A5: Best Comments#

Choose Social Media Platform: Reddit | Discord | Bluesky | No Coding

In this assignment you will be modifying a recursive function that prints a posts and replies on a discord channel (ignoring threads). Your goal will be to only show the best posts and replies. It will be up to you to decide what rules you use to decide which posts are the best posts.

Discord Setup#

# Load some code called "discord" that will help us work with Discord
import discord

# Load another library that helps the bot work in Jupyter Noteboook
import nest_asyncio
nest_asyncio.apply()

(optional) make a fake Discord connection with the fake_discord library

For testing purposes, we’ve added this line of code, which loads a fake version of discord, so it wont actually connect to Discord. If you want to try to actually connect to Discord, don’t run this line of code.

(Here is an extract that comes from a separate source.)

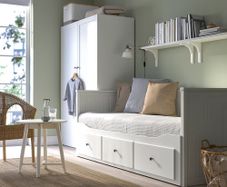 Ikea Hemnes day bed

%run ../../../../fake_apis/fake_discord.ipynb
Fake discord is replacing the discord.py library. Fake discord doesn't need real passwords, and prevents you from accessing real discord
%run discord_keys.py
# set up Discord client with permissions to read message_contents
intents = discord.Intents.default()
intents.message_content = True 

Helper function to display text in an indented box#

(You don’t need to worry about how this works. This is that function that helps display posts in indented boxes)

from IPython.display import HTML, Image, display
import html
def display_indented(text, left_margin=0, color="white"):
    display(
        HTML(
            "<pre style='border:solid 1px;padding:3px;margin-left:"+str(left_margin)+"px;background-color:"+color+"'>" + 
            html.escape(text) + 
            "</pre>"
        )
    )

Helper function to reconstruct reply tree#

(You don’t need to worry about how this works. This is that function that helps take the list of posts from the channel history and organize it into a proper reply tree structure)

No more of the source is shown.